Euh… moi, je te l’avais déjà demandé!
Toi, tu me l’as demandé, c’est vrai. Là, je le fais parce que le contexte est différent : je ne suis plus journaliste. Je peux ouvrir les portes davantage.
Et le cas d’Anderson Cooper? Est-ce que ça fait de lui un journaliste moins crédible et moins bon depuis qu’il a fait son coming out en juillet 2012?
Pas du tout. Il a fait son choix. Peut-être que j’aurais pu évoluer vers ça à un moment donné. Comme je te dis, la question ne m’a jamais été posée… à part par toi! Mais je vois que ça évolue. Y’a Sophie [Thibault] et Dominique [Poirier] qui l’ont fait leur coming out [N.D.L.R. Ces deux grandes dames de l’information ont marché ensemble sur le tapis rouge du dernier gala Artis]. Leur intention, ce soir-là, c’était ça. Sans donner d’entrevue là-dessus. Pour elles, c’était important de se présenter ensemble au gala, c’était un statement. Dans leur esprit, c’était un coming out et elles ont juste été étonnées que ça passe dans le beurre.
Avais-tu déjà songé à faire une sortie de placard publique avant aujourd’hui?
Il y a deux ans, j’étais entré en contact avec Dany Turcotte qui préparait un coming out collectif, avec d’autres personnalités. Au lieu de mettre la lumière sur un coming out en particulier, ça devenait un geste collectif. J’aurais été prêt à le faire dans ce contexte, mais à un moment donné, l’idée a été abandonnée.
Aujourd’hui, je ne fais pas mon coming out parce que je suis en campagne électorale. Je le fais parce que la situation a évolué. De toute façon, y’a pas beaucoup de personnes qui ne savent pas que je suis gai dans le Village! T’as pas un gros scoop là!
Quelle a été la réaction de ton chum quand tu lui as annoncé ton saut en politique?
Il m’a étonné en me disant que s’il y a un domaine dans le monde qui ne l’intéresse pas, c’est bien la politique. Et si j’avais été politicien lorsqu’on s’est rencontrés il y a 16 ans, il ne se serait même pas arrêté pour me parler. Une chance que je l’ai rencontré quand j’étais journaliste! Après qu’on en ait discuté, il m’a dit qu’il m’appuierait.
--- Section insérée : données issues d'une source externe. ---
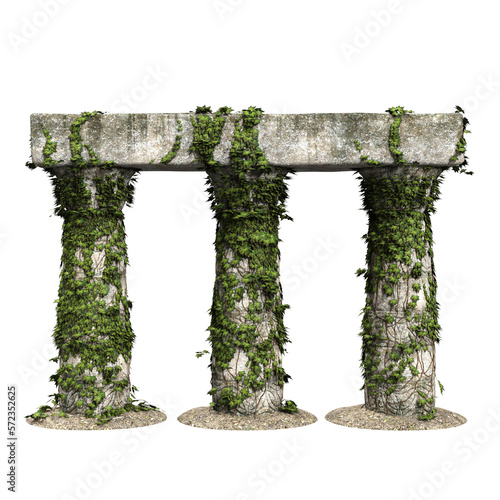 Estrutura de colunas élfica de pedra com trepadeiras verdes de lado elven photo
Tu quittes une longue carrière de 27 ans à Radio-Canada. T’as pourtant pas étudié en communication…
J’ai commencé à travailler dans les médias à 20 ans… par accident! J’avais étudié en théâtre, à Hull. Et le théâtre, c’est comme aujourd’hui: les dix meilleurs de la fournée ont du travail et les 75 autres font des annonces de beurre de pinotte. Moi, je faisais même pas d’annonces!
Tu as abandonné l’idée de devenir comédien à ce moment?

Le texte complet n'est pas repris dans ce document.